I tried to give my spark read a schema instead of inferred by forcing those 2 column to be string and have the same error.
Feel like to me spark is trying to read the data first then apply schema then failed in the read part.
Is there a way to tell spark to read those values without modify the input data? I am using python.
Upvotes: 2
Views: 3641
Reputation: 32700
You input isn't a valid JSON so you can't read it using spark.read.json
. Instead, you can load it as text DataFrame with spark.read.text
and parse the stringified dict into json using UDF:
import ast
import json
from pyspark.sql import functions as F
from pyspark.sql.types import *
schema = StructType([
StructField("event_date_utc", StringType(), True),
StructField("deleted", BooleanType(), True),
StructField("cost", IntegerType(), True),
StructField("name", StringType(), True)
])
dict_to_json = F.udf(lambda x: json.dumps(ast.literal_eval(x)))

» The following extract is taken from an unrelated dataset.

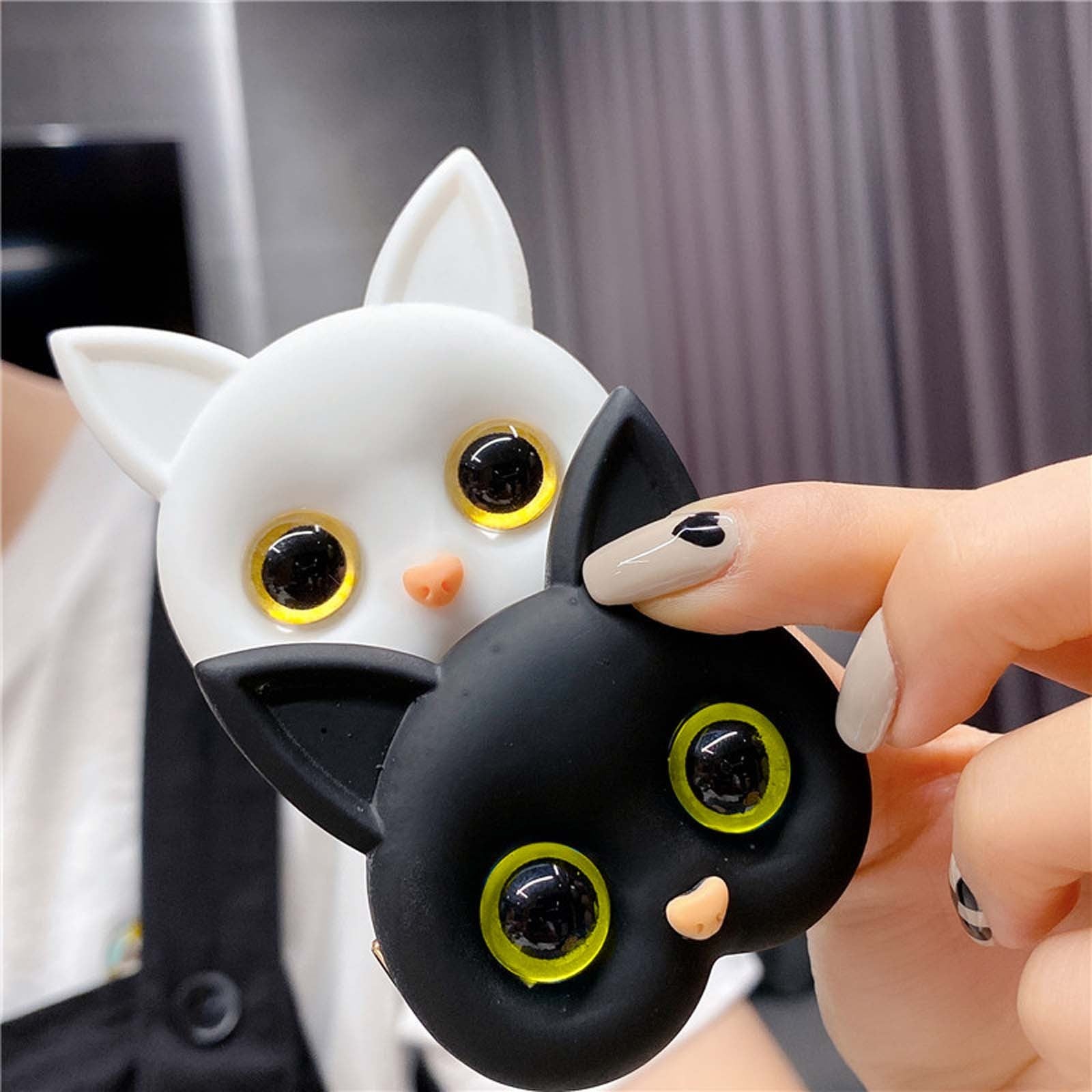 Luxury Air Sac Phone Holder Griptok with Kawaii 3D Cat Handy Finger Ring | Stand Grip Tok Handy Accessory for Smartphones, Apple iPhone, Samsung, iOS & Android | Stylish Phone Ring Holder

df = spark.read.text("xxx") \
.withColumn("value", F.from_json(dict_to_json("value"), schema)) \
.select("value.*")
df.show()
#+--------------+-------+----+----+
#|event_date_utc|deleted|cost|name|
#+--------------+-------+----+----+
#|null |false |1 |Mike|
#+--------------+-------+----+----+
Upvotes: 2
Reputation: 42422
The JSON doesn't look good. Field values needs to be quoted.
You can eval
the lines first, which look like they're in Python dict format.
df = spark.createDataFrame(
sc.textFile('true.json').map(eval),
'event_date_utc boolean, deleted boolean, cost int, name string'
)
df.show()
+--------------+-------+----+----+
|event_date_utc|deleted|cost|name|
+--------------+-------+----+----+
| null| false| 1|Mike|
+--------------+-------+----+----+
Upvotes: 1